Sur quoi travaillez-vous actuellement ? Avez-vous un nouveau projet en tête ?

« Oui plusieurs. Le projet qui me tient à cœur depuis très longtemps porte sur mon grand-père, ouvrier anarchiste républicain espagnol. Encore un travail sur la notion de résistance. »

Propos recueillis par Virginie MOREAU
vm.culture@gmail.com


La Galerie L’Aberrante

Située dans un lotissement du Crès, non loin de la salle de spectacles L’Agora et de l’arrêt de tram Via Domitia (ligne 2), la Galerie L’Aberrante a ouvert en mars 2018 au cœur d’une maison d’habitation. Cette galerie associative a pour ligne directrice de ne proposer que des images de femmes photographes, pour renverser la discrimination dont elles font généralement l’objet. « Mais le public masculin est le bienvenu », assure la galeriste Hélène Vernhet (photo ci-dessus). « Les sujets qui ont du sens, qui s’inscrivent dans une réflexion », sont privilégiés. Ici, « tous les champs de la photographie sont explorés », affirme-t-elle. Cinq expositions individuelles de six semaines chacune sont organisées chaque année, ainsi qu’une exposition collective. Plusieurs événements sont associés en lien avec chaque exposition : un atelier d’écriture et une soirée lecture. Il n’y a pas d’exposition durant les vacances scolaires.

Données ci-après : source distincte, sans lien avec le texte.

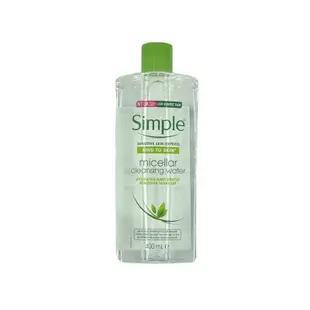 Simple 卸妝水 清潔水 Micellar Cleasing water 200/400/730ml 英國進口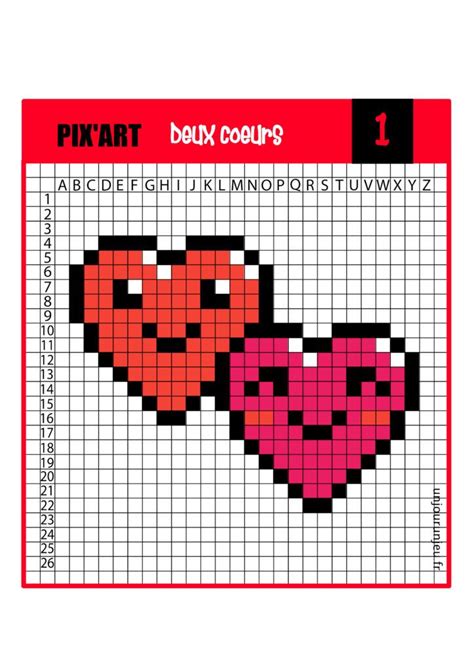 Pixel art du drapeau de l'angleterre en forme de coeur temps : L'amour en pixel art pour la Saint Valentin 🌹 ️ en 2020 ...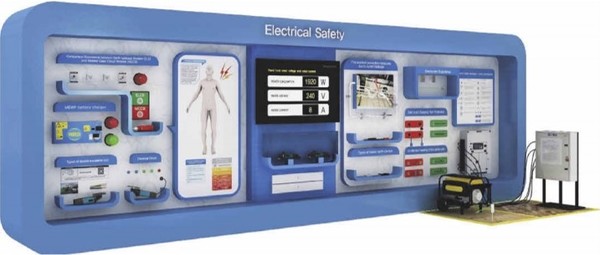 ⓒ Entwurf eines Elektrosicherheits Training Moduls 전기 안전 훈련 모듈 설계/ 영우산업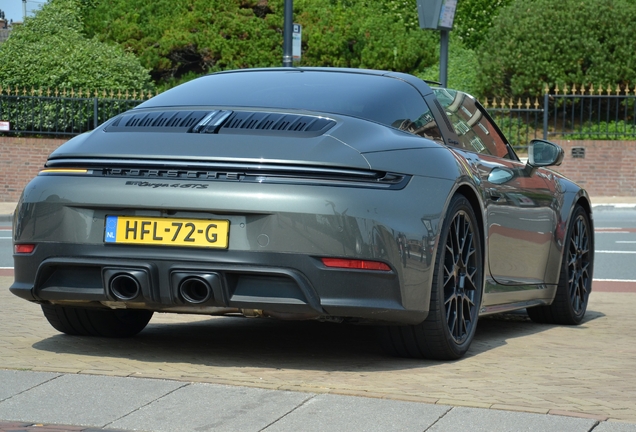 Porsche 992 Targa 4 GTS MkII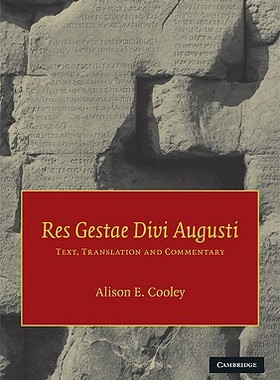 【预售】Res Gestae Divi Augusti: Text, Translation, and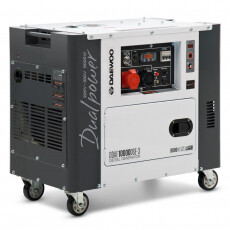 Дизельный генератор DAEWOO DDAE10000SE в кожухе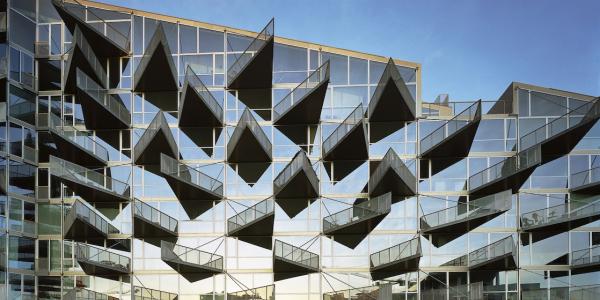 VM House, Bjarke Ingels, pracownia BIG, realizacja architektoniczna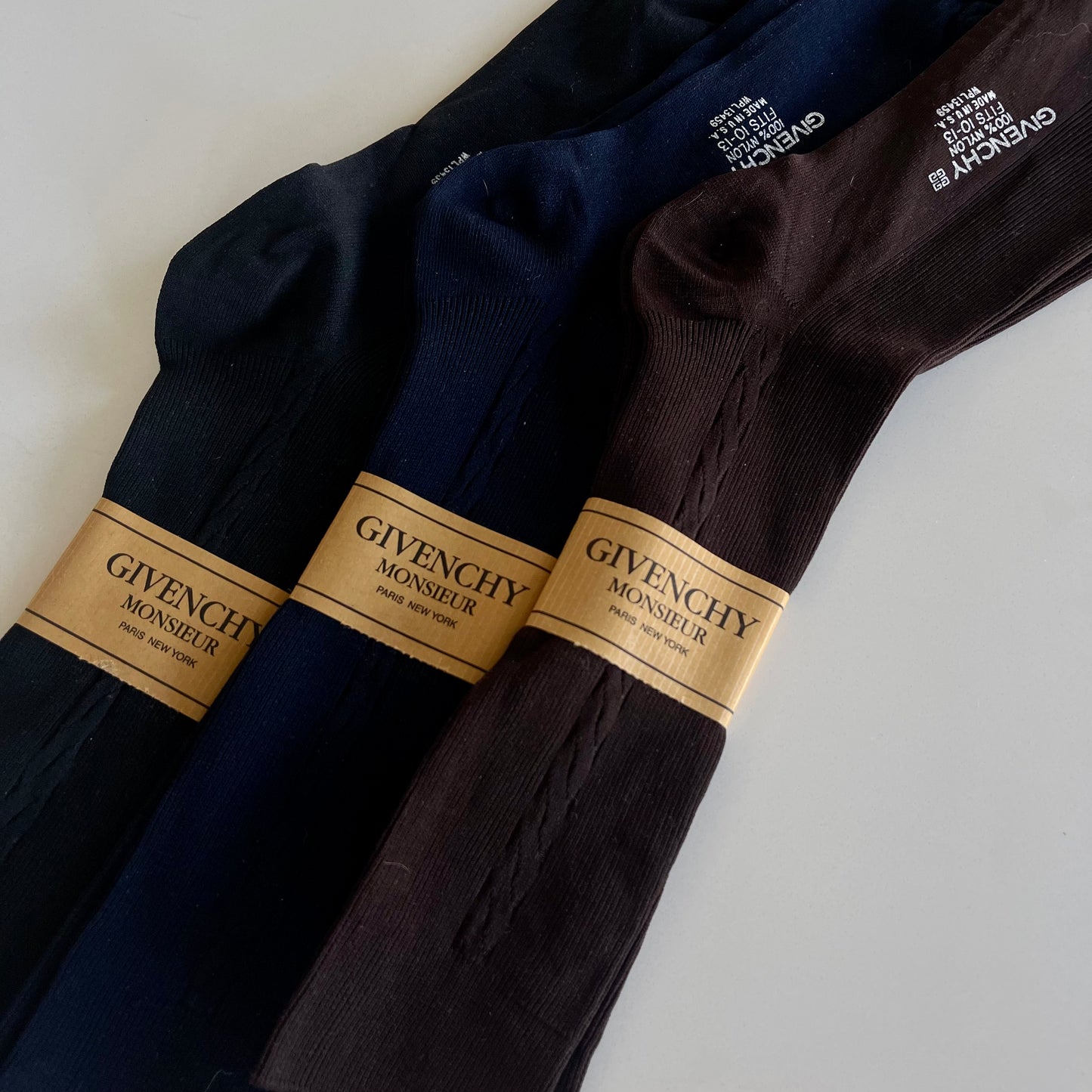 Vintage Givenchy Socks Deadstock - SHOP EZRA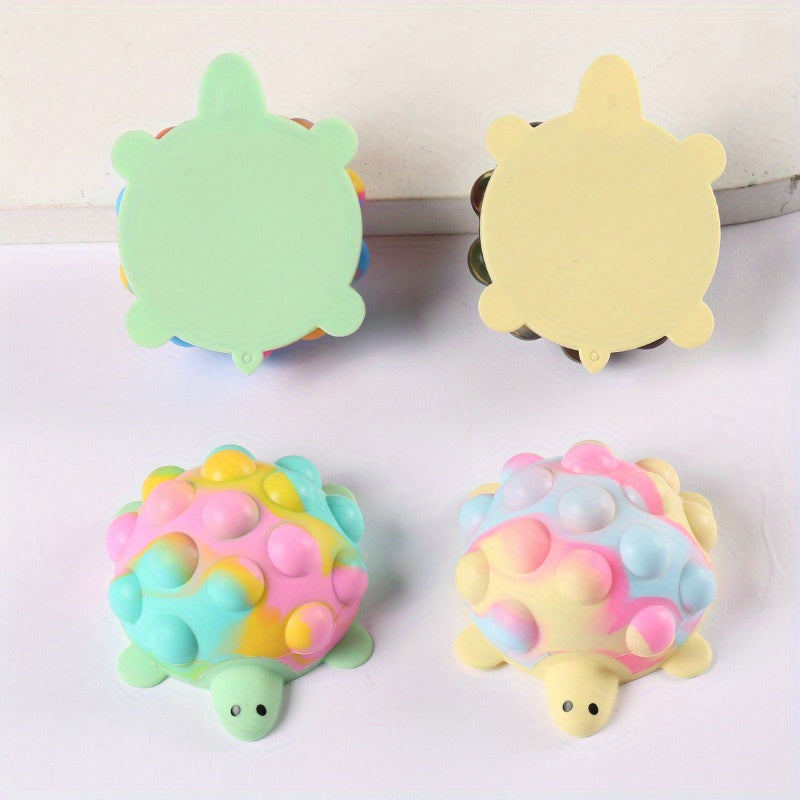 Squeeze Stress Relief Toy with 3D Ball & Silicone Suction Cup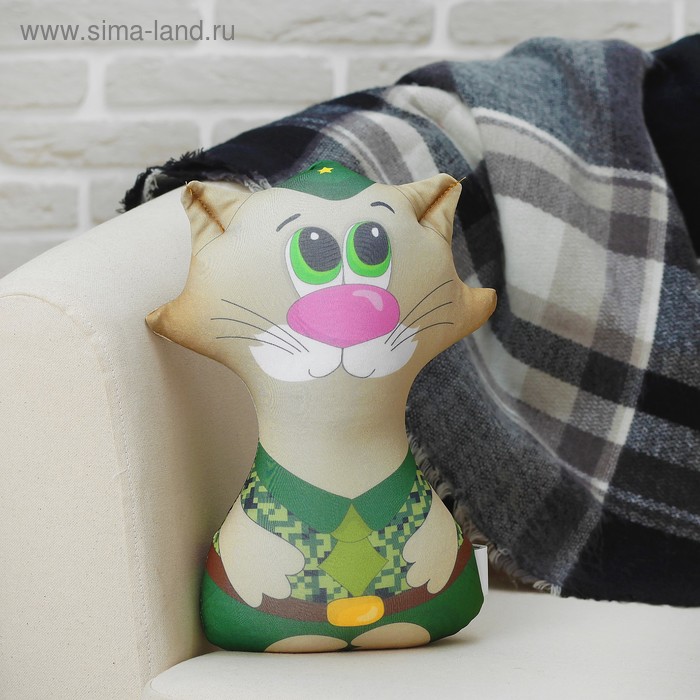 Мягкая игрушка-антистресс «Кот Матроскин» 03 - Фото 1
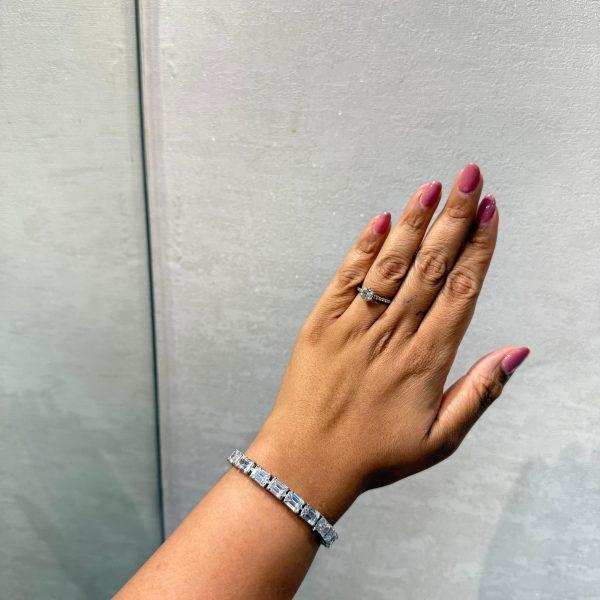 Bhavika Diamond Bangle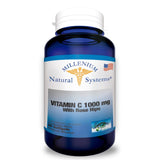 Vitamina C 1000 mg With Rose Hips x 60 softgels - Artemisa Productos Naturales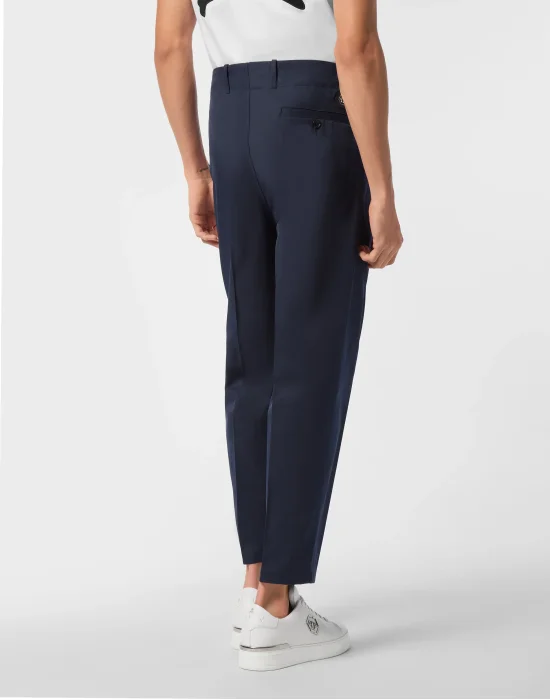 Wool Trousers Chinos Classic Fit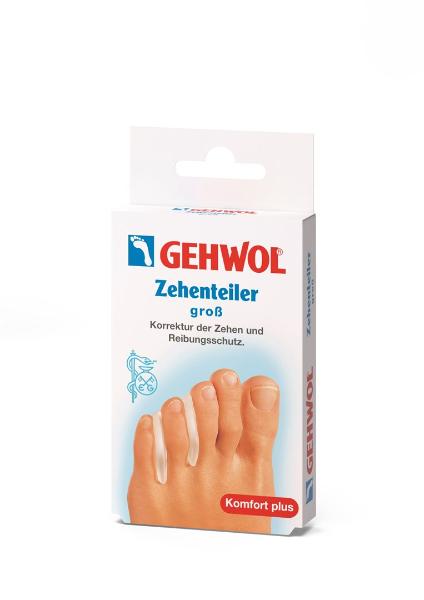 GEHWOL Zehenteiler Polymer-Gel gross 3 Stk
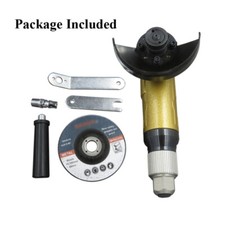 Smerigliatrice angolare pneumatica industriale 4" 100 mm levigatrice lucidatrice taglierina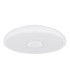 Raffy Decorative Flush Ceiling Light White IP44 1x RGB LED Dimmable 3000-6500K Remote Control-2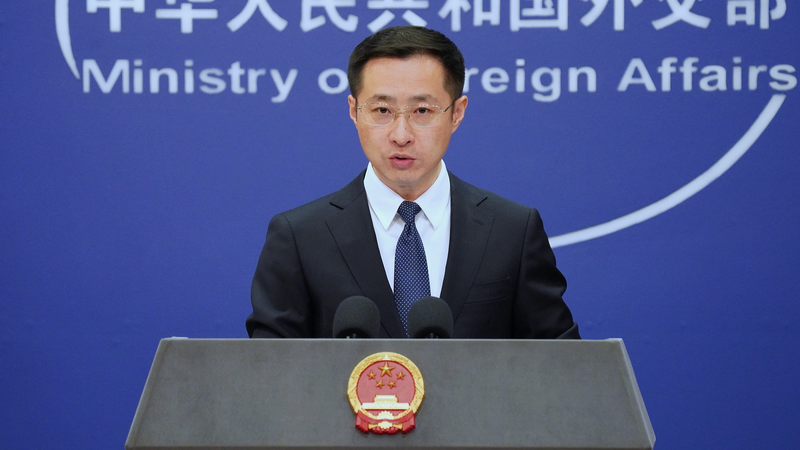 China_Condemns__Hypocritical__Remarks_on_Taiwan_Drills_by_Japan__Allies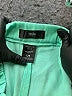 Mossimo 100% Polyester Solid Green Shorts Size L - photo 3
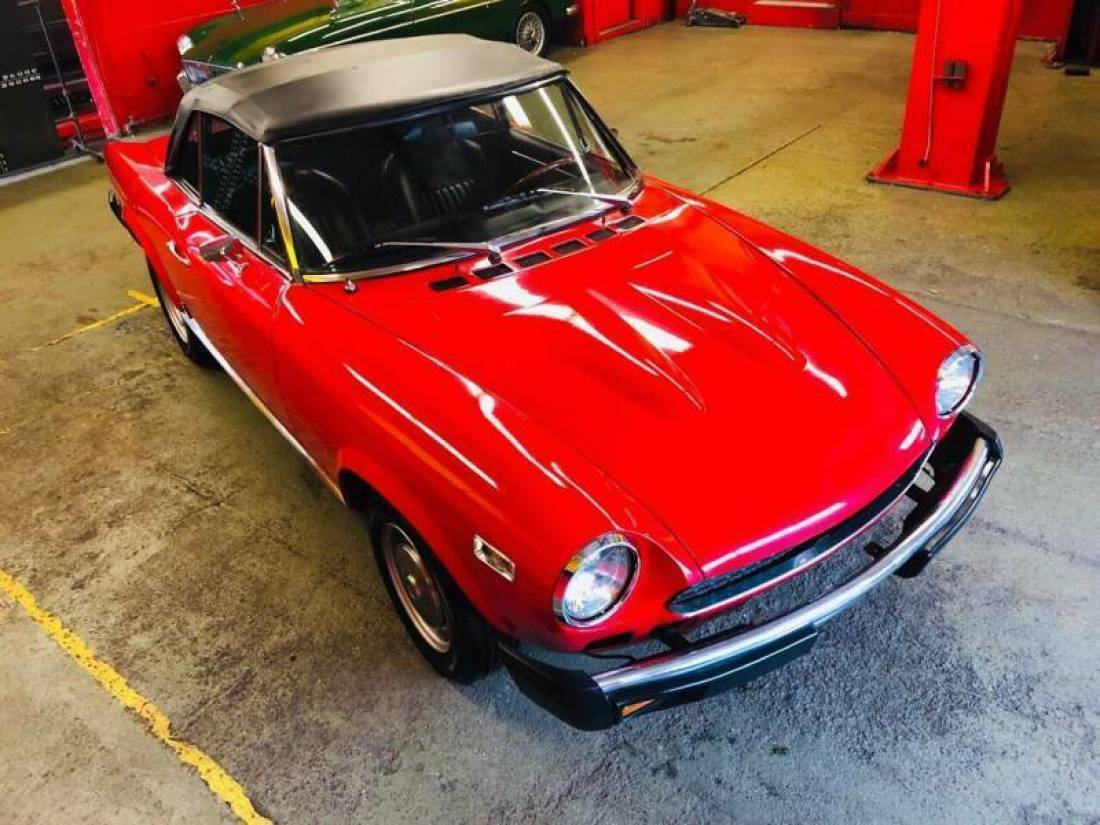 1976 Fiat 124 Spider - photo 5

* Soirée lecture et projection à la Galerie L’Aberrante le samedi 9 février 2019 à 19h00. Lecture par Sandrine Barciet de Passer, quoi qu’il en coûte de Georges Didi-Huberman et Niki Giannari, et projection du film documentaire Des spectres hantent l’Europe de Maria Kourkouta et Niki Giannari.


Informations pratiques

Galerie L’Aberrante – 1 bis, impasse du Faisan – Le Crès.
Cette exposition est visible jusqu’au 22 février 2019 du mercredi au samedi de 11h à 18h30.